Mass Grave Memorials Project Update, May 2016

the southern Soviet-era mass grave memorial marker

Repairs have been completed on the concrete base of the southern Soviet-era mass grave memorial marker. Photo © 2016 Jay Osborn.

We have new information and have begun new activity on the Mass Grave Memorials Rehabilitation Project. As we have outlined on the project page, the memorials in Rohatyn are in good condition; to date we have only needed to do some small concrete repairs to the the Soviet-era monument at the southern grave area.

at the southern mass grave memorial

At the southern mass grave memorial: Alex Denysenko, Marla Raucher Osborn, and Mikhailo Vorobets. Photo © 2016 Jay Osborn.

However, the actual boundaries of the two known grave areas have never been precisely defined, and there is considerable uncertainty and disagreement in descriptions from Rohatyn Shoah survivors, local living witnesses, and secondary reports from the Yizkor book and other available sources.

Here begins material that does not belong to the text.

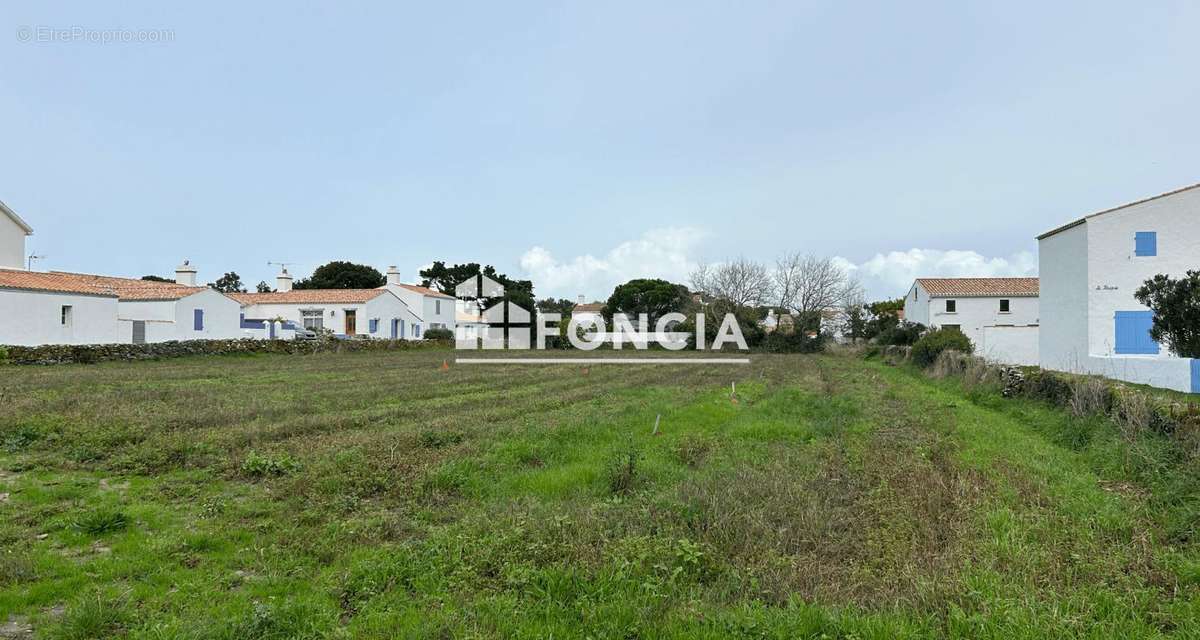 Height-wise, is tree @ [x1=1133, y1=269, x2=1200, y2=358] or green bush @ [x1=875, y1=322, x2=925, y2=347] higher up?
tree @ [x1=1133, y1=269, x2=1200, y2=358]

It is well known that the north and south memorial monuments were placed near but not at the actual grave sites; other factors including accessibility and visibility influenced the choice of monument locations.

Ця стаття також доступна українською.

the site of the pre-war brickworks adjacent to the southern mass grave memorials

Marla and program supporter Tom Traber look over the recently-cleaned site of the pre-war brickworks adjacent to the southern mass grave memorials. Photos © 2016 Jay Osborn.

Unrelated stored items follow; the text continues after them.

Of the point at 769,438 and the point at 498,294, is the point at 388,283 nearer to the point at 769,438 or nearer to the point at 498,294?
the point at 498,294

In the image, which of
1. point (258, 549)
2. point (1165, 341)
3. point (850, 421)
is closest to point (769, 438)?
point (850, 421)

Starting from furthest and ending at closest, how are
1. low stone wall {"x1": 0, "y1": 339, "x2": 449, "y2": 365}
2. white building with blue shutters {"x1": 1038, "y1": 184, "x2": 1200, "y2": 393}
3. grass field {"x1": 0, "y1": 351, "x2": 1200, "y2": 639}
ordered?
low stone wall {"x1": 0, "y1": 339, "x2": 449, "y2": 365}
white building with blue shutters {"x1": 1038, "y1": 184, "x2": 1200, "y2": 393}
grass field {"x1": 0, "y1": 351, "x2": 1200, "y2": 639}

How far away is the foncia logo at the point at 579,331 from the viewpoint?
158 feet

To aid visitors to the sites as well as the local landowners and businesses, we have decided to try to measure and define the actual grave boundaries at both locations. As we have described before, local farmers and workers respect the grave areas and refrain from using the land for any purpose, but the uncertainty about the precise grave areas leaves open questions. Our long-term goal is to create some kind of modest boundary marker at each location, so that local workers can be confident in working around the sites. In the short term, we hope to define through unambiguous geographic data precisely where those boundaries lie, and to place temporary markers until a permanent perimeter can be created.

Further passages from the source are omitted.